Woodleaf: ( in a private moment with his pet parrot) In the past, when someone agreed to back my imaginary projects and jokes, I rewarded them. I praised them in print on my website at Planet Juniper. I knew they felt this made it worth saying and doing stupid and ridiculous things. But, strangely, it caused some of them to begin screaming and threatening legal action if they noticed what I had done. If they did not notice I would keep my joke online for a long time. There was the case of a woman named Cherryl Wilson. I killed her 2004 using the Wishing Machine and furthermore, I made her disappear from the internet completely. She had slighted me a minor way. She did not approve of me conducting a memorial for a holocaust victim after all of my Wagneresque leanings. Maybe I should have talked to her to see if we could have worked things out, but that was not my style. I wanted to do the memorial, because it was so funny. It was another with of saying F U to the Four Fruits. And now Cherryl is dead, and waiting to have it out with me in the good place or the bad place depending on which way I go. Do I go with God, as in thoughts of God, or to I continue to go with Satan? I am uncertain.
Sometimes I forgot to check Planet Juniper for years. Then I had an accident with the illegal copy of dreamweaver I was using. I refused to pay the ridiculous sum of $399 for the full version. So, now Planet Juniper is in a state of being hardly used. The Juniper Hills Association is made up of senile old people who I was easily able to trick with my idea of having Juniper Hills be a sister city to Neuva Germania which I tried to make even more upsetting by including Josef Mengele as a resident. But, it did not work out. People can read about it in the SF Gate online. It upset Macy a lot, and she took it upon herself to remove the false burden of Josef Mengele. I told her stop it at once, you are ruining my art. Now she knows not to do that anymore. I like upsetting Macy. I don’t know why she has not quit me yet.
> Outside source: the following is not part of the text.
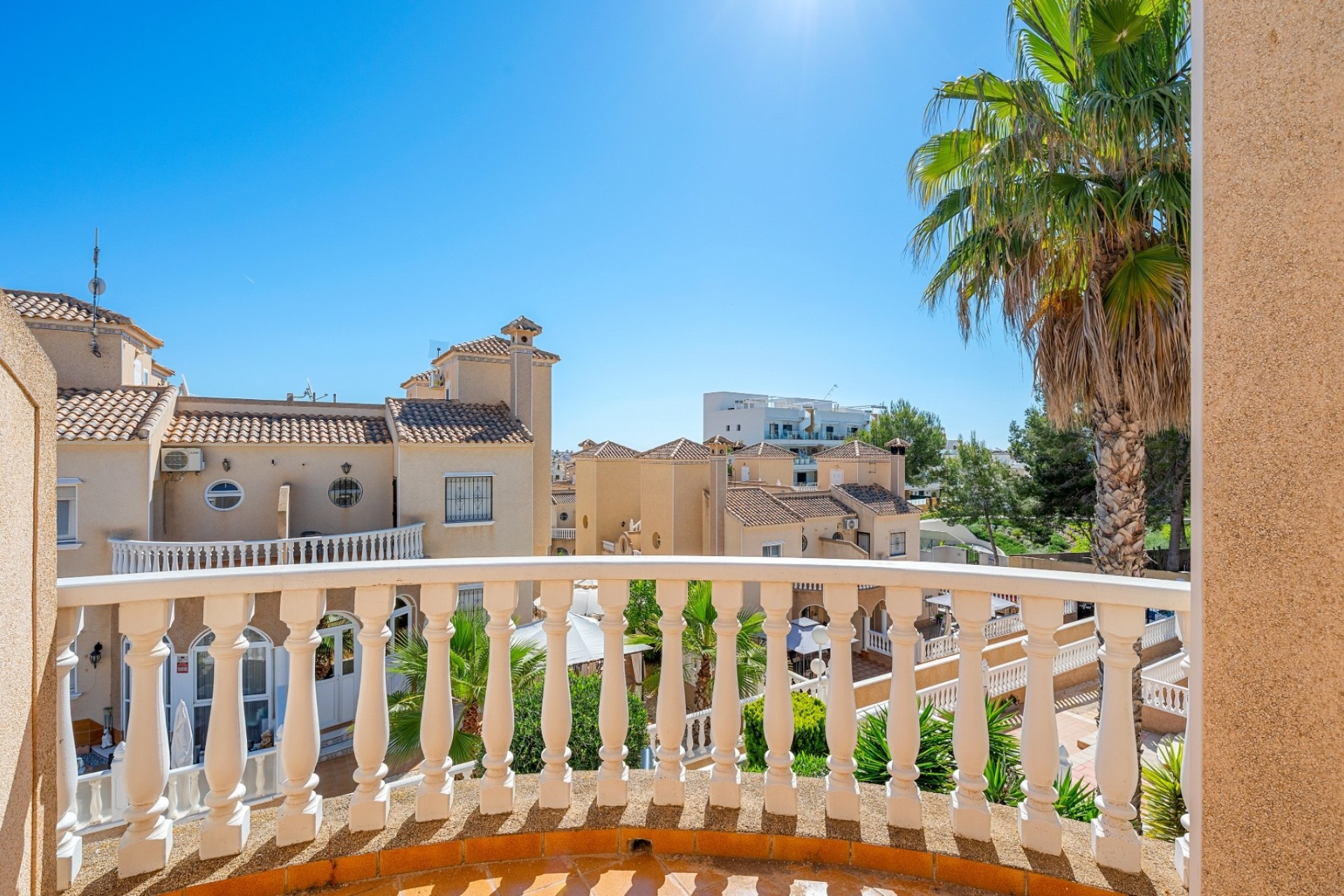 Resale - Townhouse -
Villamartín - Costa Blanca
Everything I did, I did with an eye as how much would Macy hate it. The more she hated it the more I loved it, and the funnier it became to me. But one day, in 2011, I realized Macy was right, and I needed to clean up my image, and remove the Nazi associations. But I still love Wagner, and Macy still hates Wagner. Macy took to Burroughs and became a super fan. We now agree more then we disagree.
When something negative happened, I used to assume the Four Fruits were responsible for turning the people, whom I wished to collaborate with against me. But, I have changed Cracky. That was a long time ago. I have become a kinder gentler man.
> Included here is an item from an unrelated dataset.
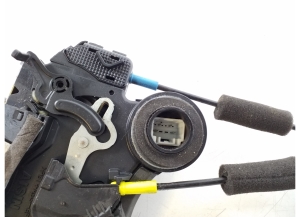 LEXUS RX (2003–2009) Serrure de porte arrière latérale 69050-33111 - 2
Cracky: I don’t know. I am just a parrot. I am sure as the human in this relationship, you will make the right choices. I am really a parrot. I eat sunflower seeds, and fly around the room, if you let me out of the cage.
Woodleaf: There was the case of the Soprano who sung on the Jungle Book record. When I placed her in a Lionized position on Planet Juniper she changed her name, gave up singing and moved to Europe to become a nanny. Will these indignations never stop? You even changed your name, Cracky, on Facebook. So, I decided I would change also. More changes are coming Cracky. Just wait and see how my story changes.
A strange prediction made by Macy on July 17, 2004, unfortunately came truth. I had misled Macy into thinking that this event had occurred in the past. She did not catch on to my joke until years later. If statements made about future events comes true, can it even be called a prediction later on, when the “prediction” was a mere statement of fact?